INFORMATION SUPPLIED:
┏━━
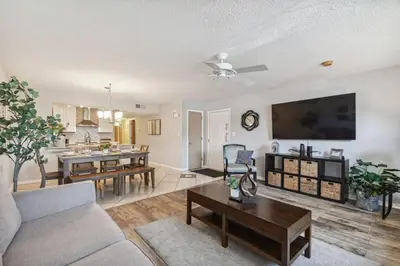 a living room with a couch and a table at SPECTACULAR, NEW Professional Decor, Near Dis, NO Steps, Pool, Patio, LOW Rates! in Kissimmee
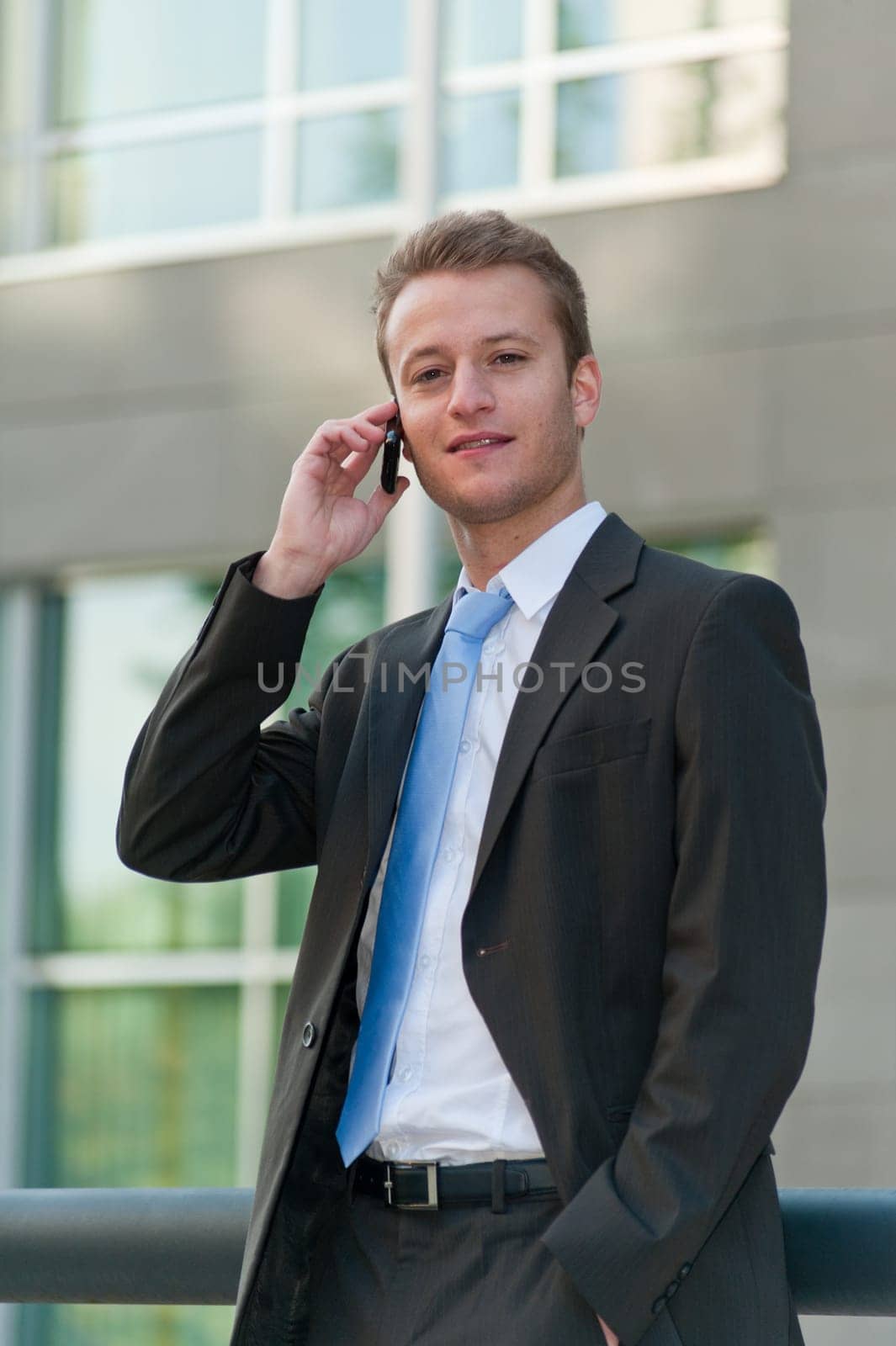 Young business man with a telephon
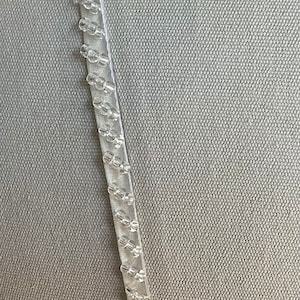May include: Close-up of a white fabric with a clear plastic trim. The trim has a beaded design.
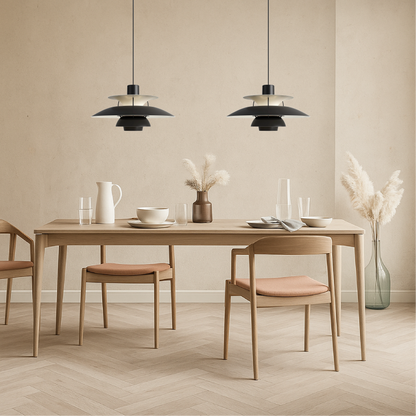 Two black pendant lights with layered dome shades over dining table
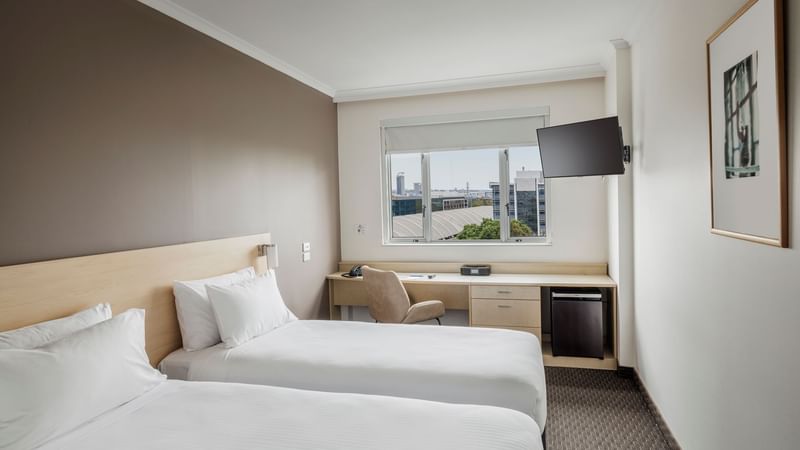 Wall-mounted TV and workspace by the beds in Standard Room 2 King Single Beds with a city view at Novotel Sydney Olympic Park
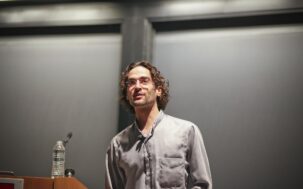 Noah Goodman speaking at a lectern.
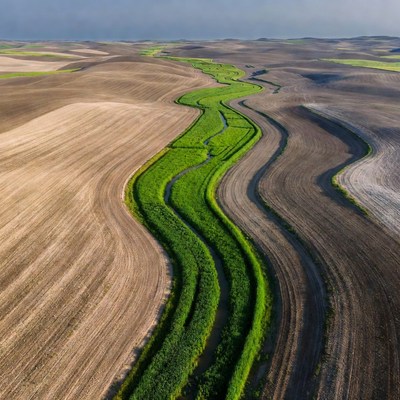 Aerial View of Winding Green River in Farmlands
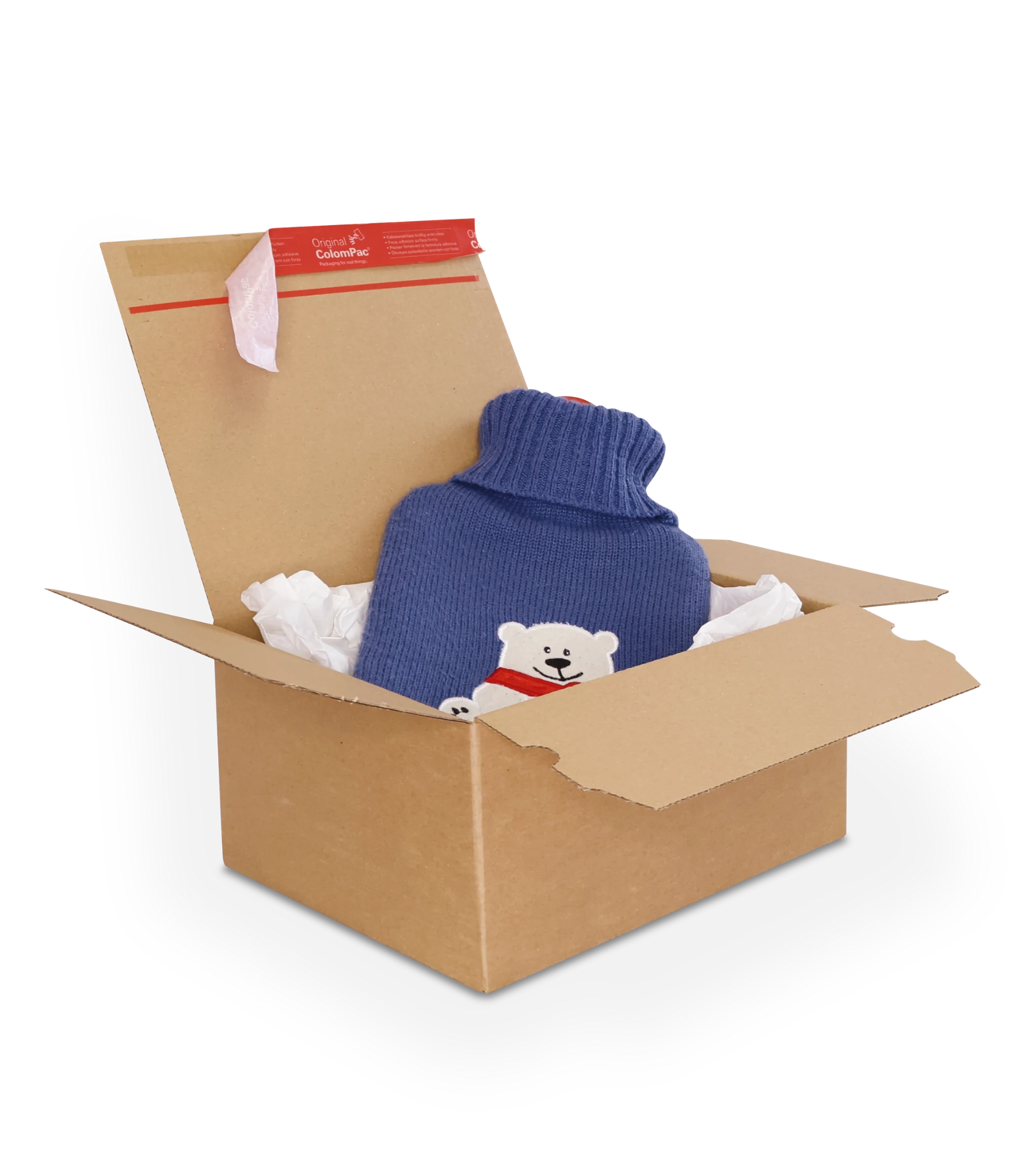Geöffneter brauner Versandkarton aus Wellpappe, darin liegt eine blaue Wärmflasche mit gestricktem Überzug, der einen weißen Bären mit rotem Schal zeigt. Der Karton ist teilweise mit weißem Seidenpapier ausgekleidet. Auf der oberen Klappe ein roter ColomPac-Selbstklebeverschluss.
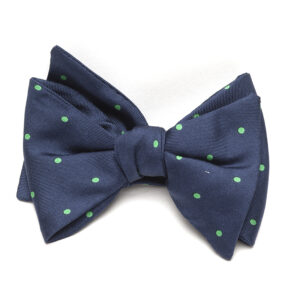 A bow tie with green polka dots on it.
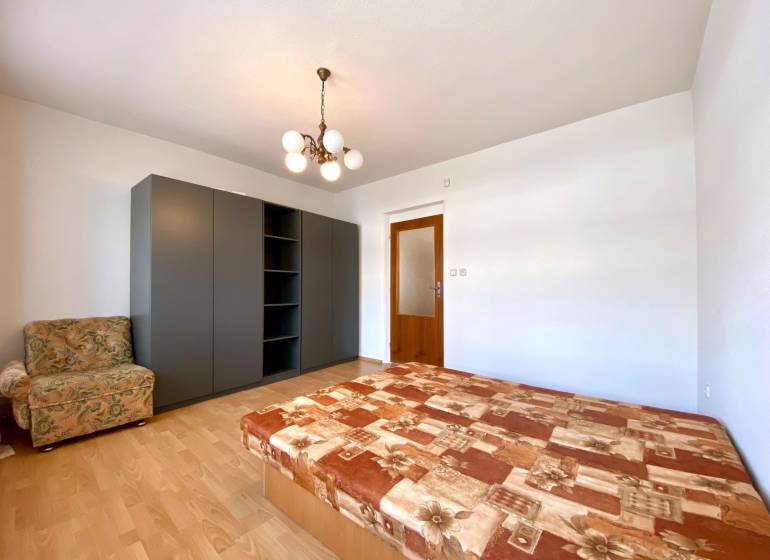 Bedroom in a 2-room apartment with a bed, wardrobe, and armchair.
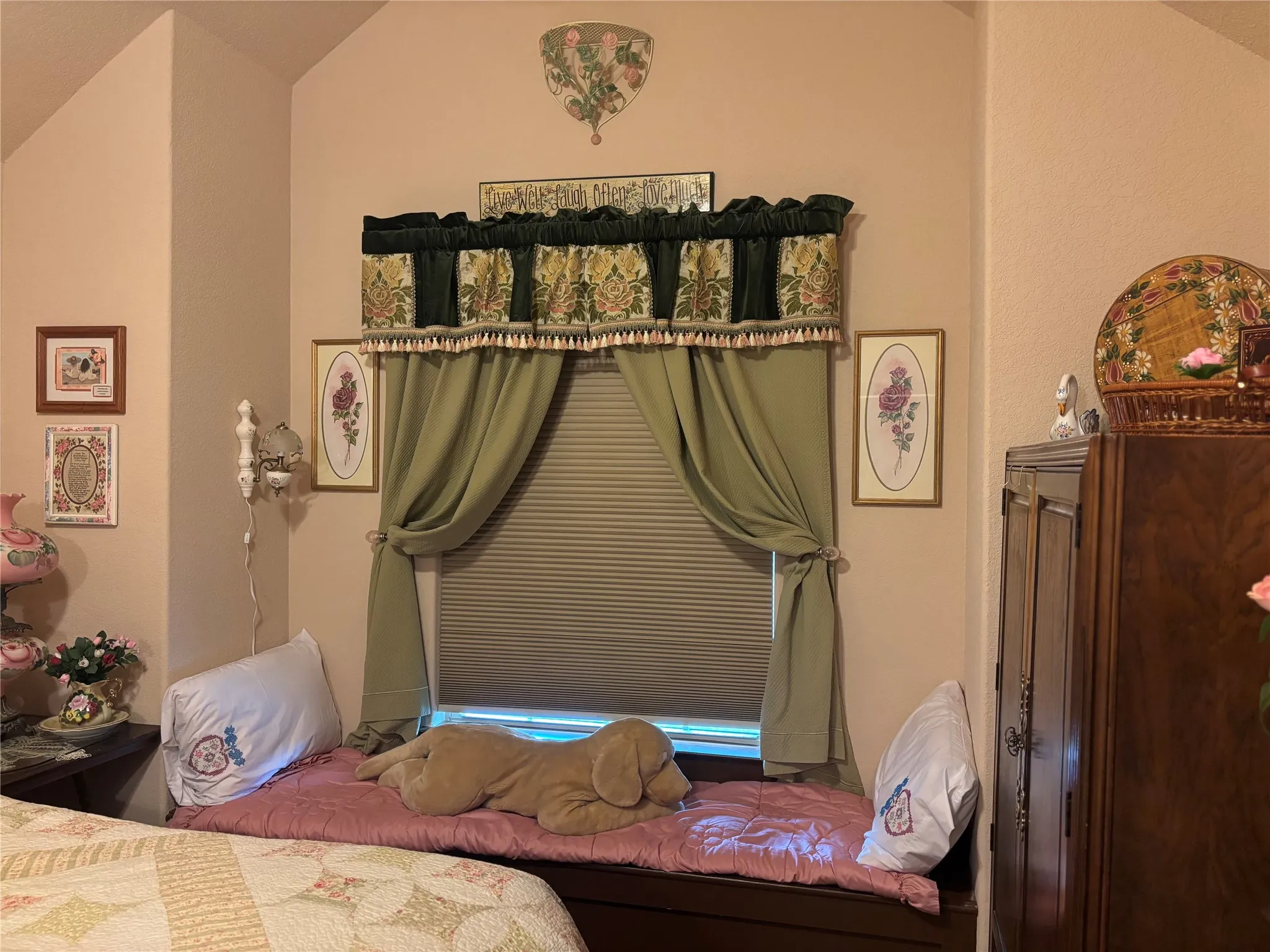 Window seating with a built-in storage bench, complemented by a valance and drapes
┗━━
PROBLEM DESCRIPTION:
The material above holds pictures; leave them out and set down exactly the lines from the line with "Two black pendant" to the line with "Aerial View of", both included.

RESULT OF THIS EXERCISE:
 Two black pendant lights with layered dome shades over dining table
 Wall-mounted TV and workspace by the beds in Standard Room 2 King Single Beds with a city view at Novotel Sydney Olympic Park
 Noah Goodman speaking at a lectern.
 Aerial View of Winding Green River in Farmlands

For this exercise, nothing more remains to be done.